Many comics readers were absolutely thrilled when Dark Horse Comics recently published a series of books collecting all of the highly regarded Little Lulu comics by John Stanley and artist Irving Tripp. They’re likely to be equally excited by the announcement of Drawn & Quarterly’s John Stanley Library project.
Spearheaded by editor Tom Devlin, who is consulting with Stanley’s son Jim Stanley, the John Stanley Library is set up to collect Stanley’s most popular non-Lulu strips into hardcover editions. April will see the first volume of Stanley’s Melvin Monster arrive in stores.

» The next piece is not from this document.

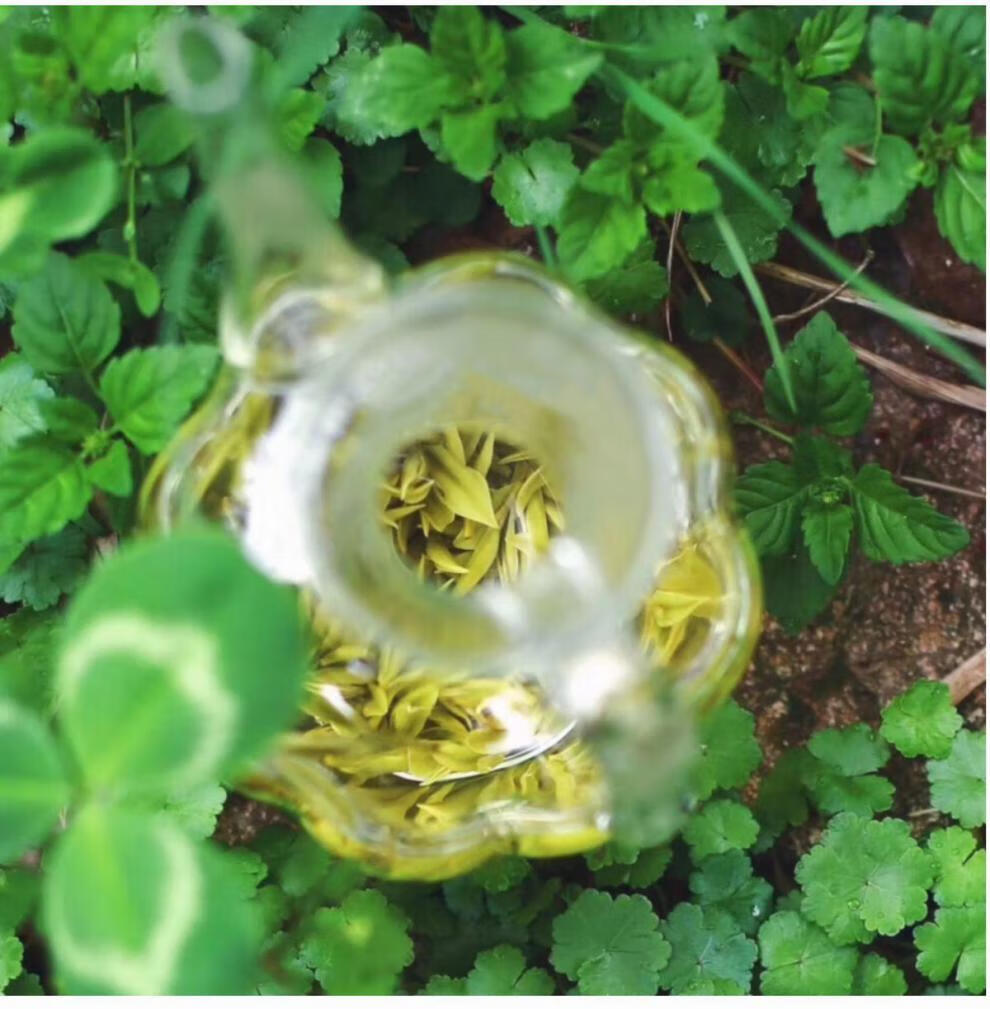 莫干山黄芽75g罐莫干黄芽2021新茶春明前高山云雾绿茶莫干山旅游特产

Jim Stanley, son of the legendary cartoonist (and himself a graphic designer for an environmental planning firm who freelances in website design/programming and print advertising, and who lives in New York with his wife Joan and two kids: Isabel, 7 and Adam, 16 months), answered some email questions for us about this reprint project and growing up Stanley.
“The Library is a project of Drawn and Quarterly completely. Tom Devlin, the editor, contacted me and described the scope of the project and asked if there was anything I could contribute for the pre-publicity,” Stanley explained of his involvement. “I had some early photos of my father that they liked and used on their website.
“I don’t know why they started with Melvin,” he offered of the line’s inaugural title, “but I think it’s an excellent choice. Melvin is at the top of my list of his best work. There … that answers your last question too!” Stanley responded, indeed pre-empting a question about which of his father’s strips was his personal favorite.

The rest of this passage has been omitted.